Assessment of the Taxes

U.S. v. Galletti, is the seminal case regarding the ability of the IRS to make a single assessment of taxes against a general partnership and its general partner. 541 U.S. 114, 124 S.Ct. 1548, 158 L.Ed.2d 279 (2004). The Supreme Court held, in a succinct ruling, that an assessment against a partnership was also deemed a sufficient assessment against the general partner. No additional, independent assessment was required. Id. at 116, 124 S.Ct. 1548. The Court explained:
The Code does not require the Government to make separate assessments of a single tax debt against persons or entities secondarily liable for that debt in order for § 6502’s extended limitations period to apply to judicial collection actions against those persons or entities. It is clear that “assessment” refers to little more than the calculation or recording of a tax liability, see, e.g., § 6201, and that it is the tax that is assessed, not the taxpayer, see, e.g., § 6501.
Id. at 115,124 S.Ct. 1548.
There is no dispute that a timely assessment (within 3 years) was made for taxes owed by DIR. Accordingly, the assessment issued against DIR constitutes a sufficient assessment against the Plaintiff or any other persons secondarily liable.
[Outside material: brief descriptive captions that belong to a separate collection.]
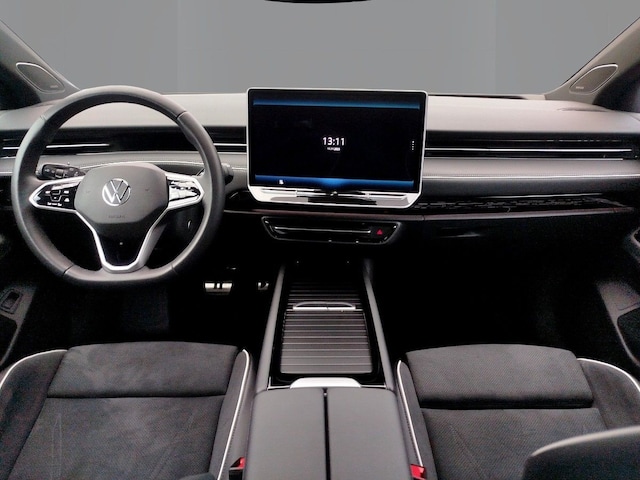 Volkswagen ID.7 Pro Tourer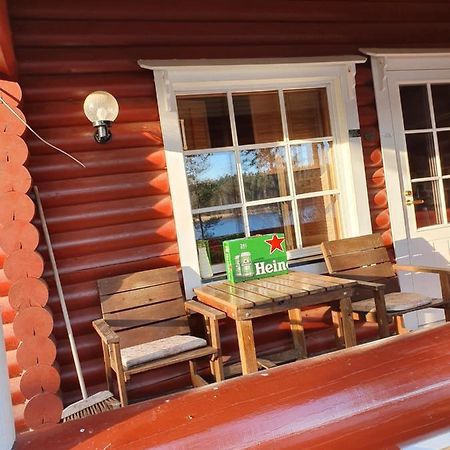 Pankkotupa 65 "13А" Villa Savonlinna Exterior photo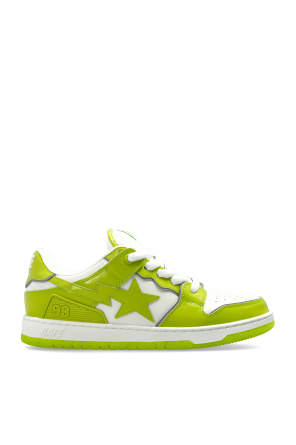 Zapatillas deportivas con logo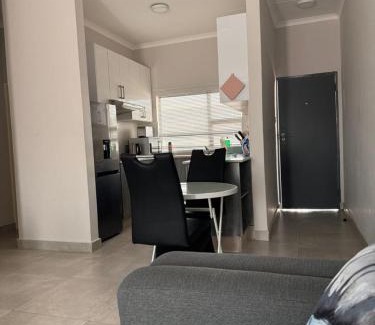Gaborone Apartment | Kastina Suites at Sarona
Statute of Limitations for collection activities

The collection period for collecting taxes expires ten years after the assessment. IRC § 6503. The IRS is authorized under IRC §§ 6321 and 6331 to use its administrative collection procedures, including the filing of a tax lien and levying on a person’s assets.
The issue raised in these summary judgment motions is whether the ten year period and the use of administrative collection procedures applies when seeking to collect taxes from the general partner, as opposed to the partnership itself.
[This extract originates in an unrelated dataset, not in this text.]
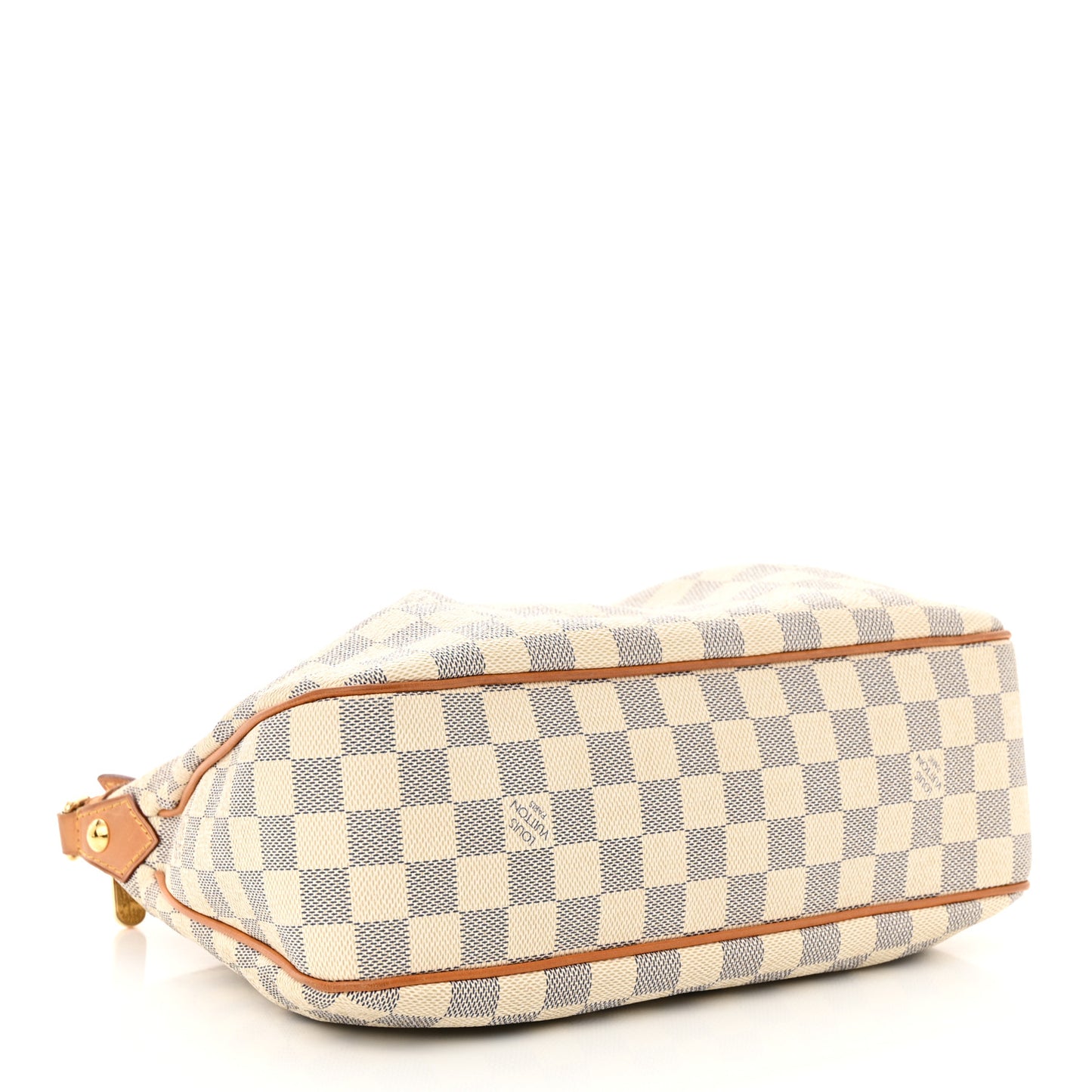 Damier Azur Siracusa PM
*78Debtor argues that, because the IRS has sought to collect the taxes against her using Cal. Corp.Code § 16306, which creates liability in each general partner for the partnership’s debts, the IRS is bound by California’s statute of limitations and collection procedures. Plaintiff suggests that the California statute of limitations is three years (Code Civ. Proc. 369.5), rather than ten, and that the IRS is required to commence litigation within the three years to collect a general partnership debt. See Cal. Corp.Code § 16307. Plaintiff further contends that the tax obligation is like any other non-priority unsecured debt owed by Plaintiff on behalf of the partnership.
The IRS correctly argues that collection of federal taxes is a sovereign function and that the IRS’s ability to collect taxes cannot be constrained by state collection statutes. See U.S. v. Rodgers, 461 U.S. 677, 697, 103 S.Ct. 2132, 76 L.Ed.2d 236 (1983). In U.S. v. Summerlin, the Court explained:
It is well settled that the United States is not bound by state statutes of limitation or subject to the defense of laches in enforcing its rights (citations omitted). The same rule applies whether the United States brings its suit in its own courts or in a state court....
... When the United States becomes entitled to a claim, acting in its governmental capacity and asserts its claim in that right, it cannot be deemed to have abdicated its governmental authority so as to become subject to a state statute putting a time limit upon enforcement (citations omitted).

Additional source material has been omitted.